Hey guys, let's start this week off with some sad news because that's how I do it: This is my last Week in Vegan! I'm moving on to different pastures (not killing myself, just a new job) and I wanted to say, writing with you as been among the most rewarding experiences in my life, and ALSO, Megan Rascal from Vegansaurus, who is taking over for me, is much funnier, smarter, and sexier* than yours truly, so promise me you'll still get loose with it? I love you.
• Troma Entertainment made a short video about the animals people eat. It's totally great and hilarious and light-hearted and filled with merriment and joy. Check it out:
• That bullfighter who was face-gored (horn through eye socket, son!) is now looking and acting just like a Batman villain! Super creeps! He's back in the ring, killing bulls with a vengeance. Sounds like a really great guy who is super smart about learning lessons and stuff. The most fucked up thing about bullfighting is that even when the bull wins, the bull loses. That's no sport, that's The Hunger Games. Also, WHO ELSE IS EXCITED FOR THE HUNGER GAMES? I'll be the grown-ass woman dressed like Peeta at the midnight showing.
• There's an all-vegan episode of Cupcake Wars on the Food Network this weekend! Vegan gluttony on the boob tube, could anything be better? Make to watch sprawled naked in front of your TV, surrounded by a pile of puppies, spraying whipped cream into your maw. Sweet heaven, my friends!

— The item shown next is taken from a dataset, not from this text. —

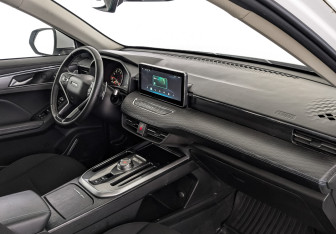 Подержанный автомобиль Haval Jolion 2023 года (13 фото)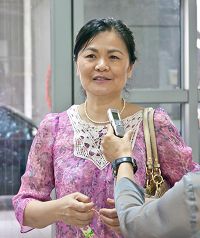 '钢结构工程师退休的李女士表示：“艺术家主要是想用艺术技巧传递一些讯息。”'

• Watch this video of thousands of chickens being saved from that horrible place in Stanislaus county! It's a super great and touching video:
Now, go donate to them and go shopping for them and spread the word about how chickens are amazing and smart and goofy and little flying dinosaurs DO IT!
• You in New York City? Go to their Vegetarian Food Festival this weekend and eat for those of us who can't. Think of the children! And then restrict your caloric consumption because children can EAT. Speaking of New York, you're totally getting an all vegan clothing store, too! Vaute Couture is opening up, and they sell the cutest shit, so buy it all before you're too fat to fit into any of it. Plus sizes coming soon?? Fingers crossed!!
• Your tax money is paying for the capture of wild horses. And it's actually even more fucked up than that because they're using that land to graze cattle. IT'S SO FUCKED UP. You guys, really, get angry about this and take some action because if we don't speak up for horses -- one of the symbols of American freedom! -- who will? And I know what you're thinking but Mister Ed BEEN dead, we can't count on him.
*Lie -- I'll always be the sexiest! Peace!